Avant toute chose, les deux organisations tiennent à saluer le travail mené par les équipes de Carbon et par des entrepreneurs qui ont porté, avec courage et conviction, une ambition industrielle majeure pour la France et pour l’Europe.
Cette annonce doit être entendue comme un signal d’alerte. Elle illustre l’écart persistant entre les ambitions affichées en matière de souveraineté industrielle européenne et leur traduction réglementaire concrète. Depuis plusieurs années, l’Europe affirme sa volonté de relocaliser certaines productions stratégiques, notamment dans les technologies bas carbones. Mais, dans les faits, les mécanismes permettant de sécuriser un véritable marché européen demeurent trop lents, trop incertains ou insuffisamment protecteurs.
Or, le temps réglementaire n’est pas celui des entreprises. L’absence de décisions rapides et lisibles a un coût : des projets fragilisés, des investissements retardés, des emplois menacés et une compétitivité européenne affaiblie face à des concurrents internationaux bénéficiant de cadres plus clairs et plus offensifs.
L’UPE 13 et le GMIF appellent donc les autorités nationales à agir avec force au niveau de l’Europe afin de défendre une véritable préférence industrielle européenne, capable de protéger nos filières stratégiques, nos entreprises et nos emplois. C’est le sens du courrier, cosigné par les deux organisations, envoyé au Président de la République.
Pour autant, l’arrêt du projet Carbon ne remet pas en cause la dynamique de réindustrialisation engagée sur le territoire de Fos-Berre. De nombreux projets industriels restent en cours de développement.

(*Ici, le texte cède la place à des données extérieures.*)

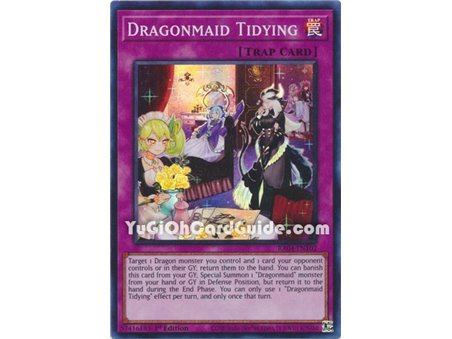 Dragonmaid Tidying (Quarter Century Secret Rare)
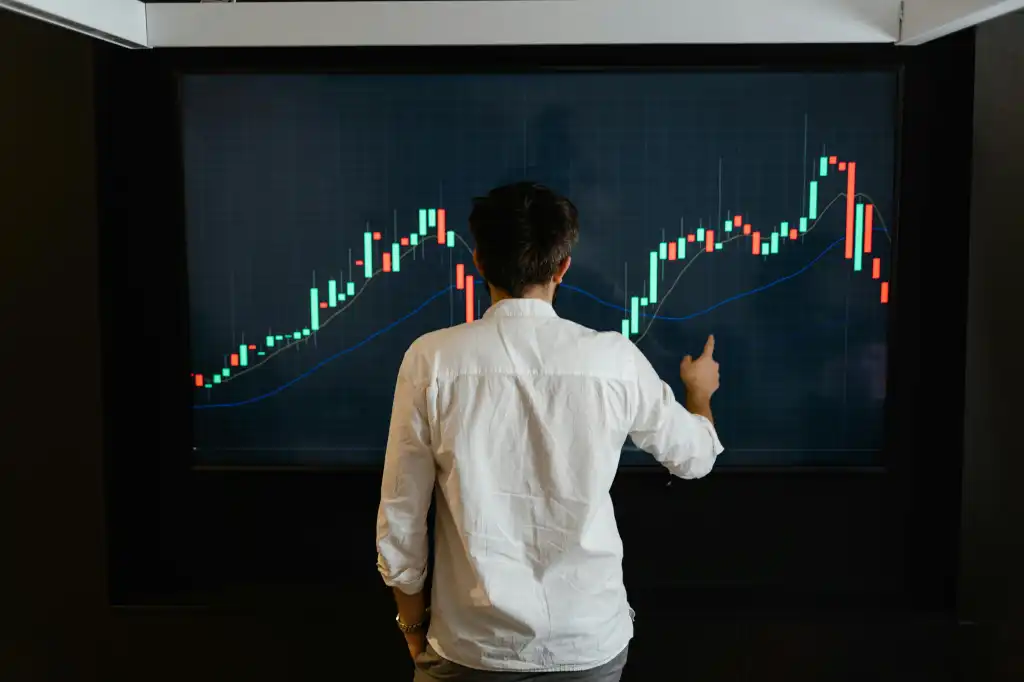 Person analyzing a pricing curve over time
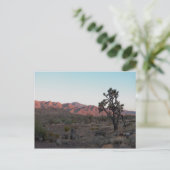 Dolan Springs Postkarte (Stehend Vorderseite)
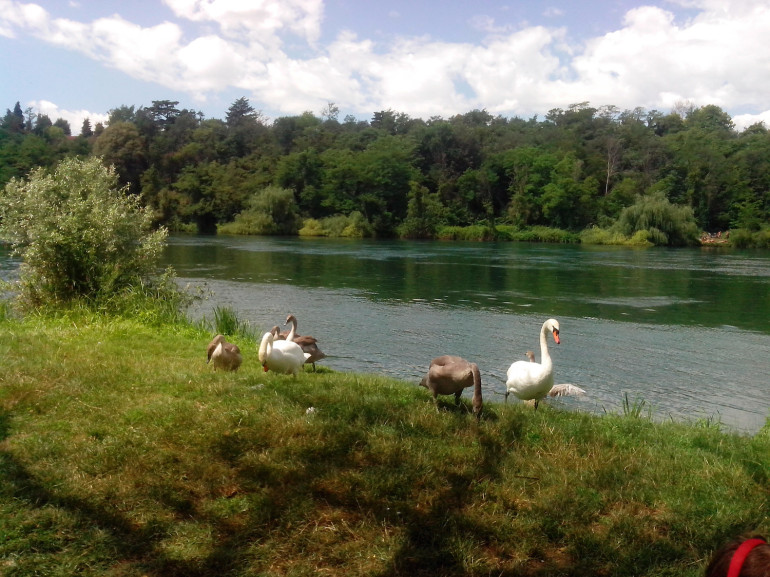 A swans family on the bank of the river Adda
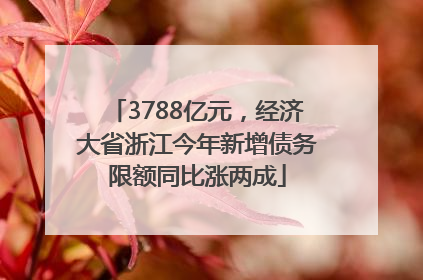 3788亿元，经济大省浙江今年新增债务限额同比涨两成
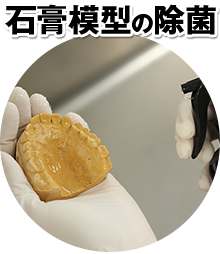 石膏模型の除菌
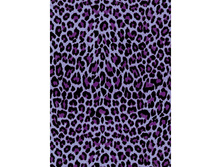 528 ������ ������.jpg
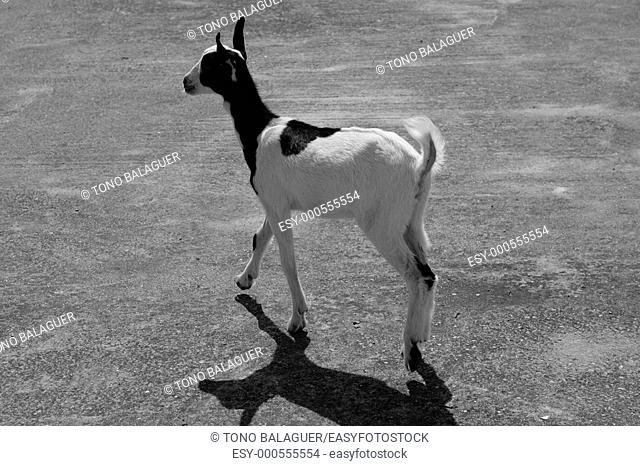 Black and white goat image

Les industriels déjà implantés poursuivent eux-mêmes des investissements majeurs pour transformer leurs sites, décarboner leurs activités et renforcer leur compétitivité.
Cette annonce doit au contraire nous obliger collectivement à accélérer : infrastructures, énergie, foncier, compétences, acceptabilité, simplification réglementaire et cadre européen adapté. C’est à ces conditions que notre territoire pourra pleinement jouer son rôle de pôle industriel stratégique pour la France et pour l’Europe.
Pour l’UPE 13 et le GMIF, la réindustrialisation ne peut pas reposer uniquement sur des intentions. Elle suppose des décisions rapides, cohérentes et protectrices. À défaut, ce sont nos entreprises, nos emplois et notre souveraineté économique qui en paient le prix.